Ministry of Labour and Vocational Training spokesman Heng Sour told a press conference on the lockdown extension on April 28 that the ministry is working closely with unions, factory owners, the International Labour Organisation, Better Factories Cambodia and other relevant parties to appeal to buyers for their understanding.
"We appeal to the owners of various brands that have ordered from Cambodia that our supply has been disrupted due to blockade measures. We urges the brand owners or buyers not to impose fines on the factory or divert orders to other countries," he said.
He said that Cambodia will strive to accelerate its production as soon as possible after the Covid-19 situation eases.
"We, the government, workers and employees, are committed to working together to respect health rules and the administration set by the Royal Government to the utmost, so that we can restart production at all levels of the chain and be able to supply them [buyers] as fast as we can," Sour said.
Garment Manufacturers Association in Cambodia (GMAC) on April 19 also urged buyers and stakeholders not to penalise its members for failing to honour pre-agreed delivery commitments during the ongoing lockdown measures.

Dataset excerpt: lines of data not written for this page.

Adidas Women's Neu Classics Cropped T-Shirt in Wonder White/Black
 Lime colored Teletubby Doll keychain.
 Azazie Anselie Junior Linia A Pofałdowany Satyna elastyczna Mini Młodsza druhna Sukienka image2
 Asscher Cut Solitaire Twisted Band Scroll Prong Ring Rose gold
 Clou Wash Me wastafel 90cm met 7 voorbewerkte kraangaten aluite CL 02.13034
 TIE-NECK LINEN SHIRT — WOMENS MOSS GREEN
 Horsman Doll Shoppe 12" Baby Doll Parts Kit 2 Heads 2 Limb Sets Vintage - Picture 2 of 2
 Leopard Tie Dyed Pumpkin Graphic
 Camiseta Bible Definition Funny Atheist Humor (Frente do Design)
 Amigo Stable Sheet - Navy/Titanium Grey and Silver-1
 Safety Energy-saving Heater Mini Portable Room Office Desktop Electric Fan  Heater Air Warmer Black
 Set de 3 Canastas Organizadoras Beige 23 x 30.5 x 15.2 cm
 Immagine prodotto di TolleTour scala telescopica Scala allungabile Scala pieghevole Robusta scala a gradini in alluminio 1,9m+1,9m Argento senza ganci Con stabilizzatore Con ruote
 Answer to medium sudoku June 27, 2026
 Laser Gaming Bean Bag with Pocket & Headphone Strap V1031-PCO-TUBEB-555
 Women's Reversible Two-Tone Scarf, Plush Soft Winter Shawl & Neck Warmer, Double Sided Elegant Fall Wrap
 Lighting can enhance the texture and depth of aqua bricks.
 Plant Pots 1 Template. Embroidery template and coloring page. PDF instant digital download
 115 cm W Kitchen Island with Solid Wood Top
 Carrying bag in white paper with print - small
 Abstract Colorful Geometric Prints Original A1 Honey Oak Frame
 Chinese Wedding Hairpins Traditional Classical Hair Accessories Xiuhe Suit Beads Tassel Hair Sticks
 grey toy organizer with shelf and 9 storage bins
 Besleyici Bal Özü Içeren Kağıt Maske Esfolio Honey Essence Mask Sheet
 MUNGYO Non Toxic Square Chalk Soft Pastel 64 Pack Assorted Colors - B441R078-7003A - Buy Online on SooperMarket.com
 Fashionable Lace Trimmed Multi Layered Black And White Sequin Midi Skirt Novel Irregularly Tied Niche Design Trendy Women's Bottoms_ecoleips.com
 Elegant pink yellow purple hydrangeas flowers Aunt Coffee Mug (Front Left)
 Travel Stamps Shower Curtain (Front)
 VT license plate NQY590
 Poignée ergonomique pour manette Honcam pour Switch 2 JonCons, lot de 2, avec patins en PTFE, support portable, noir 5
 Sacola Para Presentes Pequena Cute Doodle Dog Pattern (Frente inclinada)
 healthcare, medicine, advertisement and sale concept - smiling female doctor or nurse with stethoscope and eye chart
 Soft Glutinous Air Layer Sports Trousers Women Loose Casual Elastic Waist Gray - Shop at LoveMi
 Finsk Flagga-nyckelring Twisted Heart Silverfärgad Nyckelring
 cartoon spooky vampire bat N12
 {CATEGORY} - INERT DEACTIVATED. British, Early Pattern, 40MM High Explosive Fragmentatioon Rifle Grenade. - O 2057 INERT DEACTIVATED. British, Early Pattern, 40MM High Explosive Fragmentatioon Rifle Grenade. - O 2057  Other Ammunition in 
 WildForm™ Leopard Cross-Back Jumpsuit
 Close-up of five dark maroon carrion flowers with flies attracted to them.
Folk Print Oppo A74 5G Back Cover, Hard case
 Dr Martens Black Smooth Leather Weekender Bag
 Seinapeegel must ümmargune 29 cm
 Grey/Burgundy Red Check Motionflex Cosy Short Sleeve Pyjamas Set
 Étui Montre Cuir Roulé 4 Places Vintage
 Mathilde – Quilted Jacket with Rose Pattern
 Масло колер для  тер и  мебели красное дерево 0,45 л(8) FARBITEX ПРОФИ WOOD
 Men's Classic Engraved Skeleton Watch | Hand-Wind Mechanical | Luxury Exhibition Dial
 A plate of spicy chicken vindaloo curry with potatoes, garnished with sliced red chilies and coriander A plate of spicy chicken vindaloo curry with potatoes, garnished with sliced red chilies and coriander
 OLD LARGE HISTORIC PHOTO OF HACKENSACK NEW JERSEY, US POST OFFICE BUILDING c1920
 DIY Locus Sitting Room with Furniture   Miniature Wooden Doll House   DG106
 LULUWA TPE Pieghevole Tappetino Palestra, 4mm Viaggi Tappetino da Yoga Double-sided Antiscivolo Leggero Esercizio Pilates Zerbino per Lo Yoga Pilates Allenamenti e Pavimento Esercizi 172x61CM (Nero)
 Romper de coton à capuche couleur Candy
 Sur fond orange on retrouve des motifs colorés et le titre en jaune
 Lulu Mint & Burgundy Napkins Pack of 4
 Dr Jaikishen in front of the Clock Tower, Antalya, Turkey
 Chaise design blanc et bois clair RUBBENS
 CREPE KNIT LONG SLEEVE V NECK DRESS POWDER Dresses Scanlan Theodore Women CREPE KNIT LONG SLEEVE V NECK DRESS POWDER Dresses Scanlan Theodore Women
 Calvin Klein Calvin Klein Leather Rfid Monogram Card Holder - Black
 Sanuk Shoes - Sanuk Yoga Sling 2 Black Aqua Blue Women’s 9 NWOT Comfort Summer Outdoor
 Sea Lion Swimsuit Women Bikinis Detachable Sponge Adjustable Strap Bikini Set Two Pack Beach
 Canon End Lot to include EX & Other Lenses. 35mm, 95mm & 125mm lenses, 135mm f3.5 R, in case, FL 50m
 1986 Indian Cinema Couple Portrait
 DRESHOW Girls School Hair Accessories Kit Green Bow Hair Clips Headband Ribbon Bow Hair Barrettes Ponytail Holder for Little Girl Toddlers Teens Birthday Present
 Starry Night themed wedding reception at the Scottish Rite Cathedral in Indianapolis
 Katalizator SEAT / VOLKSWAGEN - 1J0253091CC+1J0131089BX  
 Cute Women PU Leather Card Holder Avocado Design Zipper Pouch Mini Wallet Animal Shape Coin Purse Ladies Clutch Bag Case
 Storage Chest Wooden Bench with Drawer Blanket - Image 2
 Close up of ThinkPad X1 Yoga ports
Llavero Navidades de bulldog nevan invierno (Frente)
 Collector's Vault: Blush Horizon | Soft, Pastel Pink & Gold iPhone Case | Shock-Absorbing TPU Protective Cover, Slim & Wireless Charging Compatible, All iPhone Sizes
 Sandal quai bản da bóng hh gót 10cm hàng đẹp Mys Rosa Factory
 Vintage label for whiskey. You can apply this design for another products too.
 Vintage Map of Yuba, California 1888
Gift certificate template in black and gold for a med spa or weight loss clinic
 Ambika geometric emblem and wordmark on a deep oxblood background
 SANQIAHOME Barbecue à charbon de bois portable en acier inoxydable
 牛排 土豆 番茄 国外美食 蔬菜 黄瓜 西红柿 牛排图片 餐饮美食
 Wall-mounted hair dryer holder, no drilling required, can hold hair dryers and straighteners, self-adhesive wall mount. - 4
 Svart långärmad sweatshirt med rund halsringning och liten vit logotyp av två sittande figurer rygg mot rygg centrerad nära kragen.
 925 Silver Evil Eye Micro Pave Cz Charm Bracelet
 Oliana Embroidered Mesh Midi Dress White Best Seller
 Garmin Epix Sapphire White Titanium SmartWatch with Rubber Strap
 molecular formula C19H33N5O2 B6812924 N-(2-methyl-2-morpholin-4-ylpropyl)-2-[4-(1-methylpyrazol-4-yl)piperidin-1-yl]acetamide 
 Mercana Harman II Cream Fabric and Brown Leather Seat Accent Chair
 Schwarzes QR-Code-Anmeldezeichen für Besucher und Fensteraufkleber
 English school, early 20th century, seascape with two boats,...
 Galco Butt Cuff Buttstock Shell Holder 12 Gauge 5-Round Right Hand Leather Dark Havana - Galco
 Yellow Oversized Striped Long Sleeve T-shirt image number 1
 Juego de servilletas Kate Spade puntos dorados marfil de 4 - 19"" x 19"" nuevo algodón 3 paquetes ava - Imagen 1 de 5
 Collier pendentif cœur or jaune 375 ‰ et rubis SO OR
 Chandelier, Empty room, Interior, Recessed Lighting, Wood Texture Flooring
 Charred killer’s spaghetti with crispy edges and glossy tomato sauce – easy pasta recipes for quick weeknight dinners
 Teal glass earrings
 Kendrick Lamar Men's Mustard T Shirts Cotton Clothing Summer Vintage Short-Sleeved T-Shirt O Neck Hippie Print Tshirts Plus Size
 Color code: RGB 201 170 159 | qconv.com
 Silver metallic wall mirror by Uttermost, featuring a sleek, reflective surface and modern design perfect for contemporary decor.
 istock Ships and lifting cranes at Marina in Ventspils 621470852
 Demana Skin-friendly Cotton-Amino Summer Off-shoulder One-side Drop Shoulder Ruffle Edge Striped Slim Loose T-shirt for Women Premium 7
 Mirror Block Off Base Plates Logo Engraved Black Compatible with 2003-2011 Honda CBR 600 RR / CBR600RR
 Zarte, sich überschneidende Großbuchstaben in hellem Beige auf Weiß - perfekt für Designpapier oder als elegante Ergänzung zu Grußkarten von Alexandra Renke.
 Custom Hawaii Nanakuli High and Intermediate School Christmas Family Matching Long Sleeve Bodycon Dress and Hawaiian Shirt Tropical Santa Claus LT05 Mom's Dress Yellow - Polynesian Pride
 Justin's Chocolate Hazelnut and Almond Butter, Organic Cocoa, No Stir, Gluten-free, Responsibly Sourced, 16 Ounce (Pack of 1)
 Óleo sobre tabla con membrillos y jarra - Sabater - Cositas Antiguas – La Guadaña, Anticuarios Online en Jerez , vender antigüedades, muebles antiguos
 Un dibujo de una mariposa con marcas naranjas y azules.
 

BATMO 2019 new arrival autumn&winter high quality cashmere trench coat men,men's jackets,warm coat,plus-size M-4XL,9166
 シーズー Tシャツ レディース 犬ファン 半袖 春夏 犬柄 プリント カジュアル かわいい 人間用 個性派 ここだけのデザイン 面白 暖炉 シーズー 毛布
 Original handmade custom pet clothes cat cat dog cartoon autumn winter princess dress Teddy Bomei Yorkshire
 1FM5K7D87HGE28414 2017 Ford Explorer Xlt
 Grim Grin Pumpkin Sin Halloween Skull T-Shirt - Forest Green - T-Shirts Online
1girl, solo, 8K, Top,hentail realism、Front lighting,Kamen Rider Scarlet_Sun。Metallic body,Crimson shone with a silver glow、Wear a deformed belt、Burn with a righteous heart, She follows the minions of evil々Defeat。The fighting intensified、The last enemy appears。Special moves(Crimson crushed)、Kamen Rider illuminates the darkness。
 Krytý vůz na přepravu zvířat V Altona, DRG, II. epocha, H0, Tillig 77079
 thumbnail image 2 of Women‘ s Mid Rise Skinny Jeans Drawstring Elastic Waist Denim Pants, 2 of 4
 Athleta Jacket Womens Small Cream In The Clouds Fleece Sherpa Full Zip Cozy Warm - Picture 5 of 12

“We would like to appeal for your understanding to facilitate and make arrangements to help accommodate this special situation. We all have to cooperate and obey the instructions of the Royal Government and join hands to combat the spread of Covid-19. We urge all of you not to punish our members for this situation that is beyond our control,” said GMAC.
Exports of the garment, footwear and travel goods industries dropped more than 10 per cent last year over 2019 and could face significant direct losses from extended closures.
Outbound shipments in these sectors registered $10.6 billion in 2019 and $9.5 billion last year, according to the Ministry of Commerce's annual report.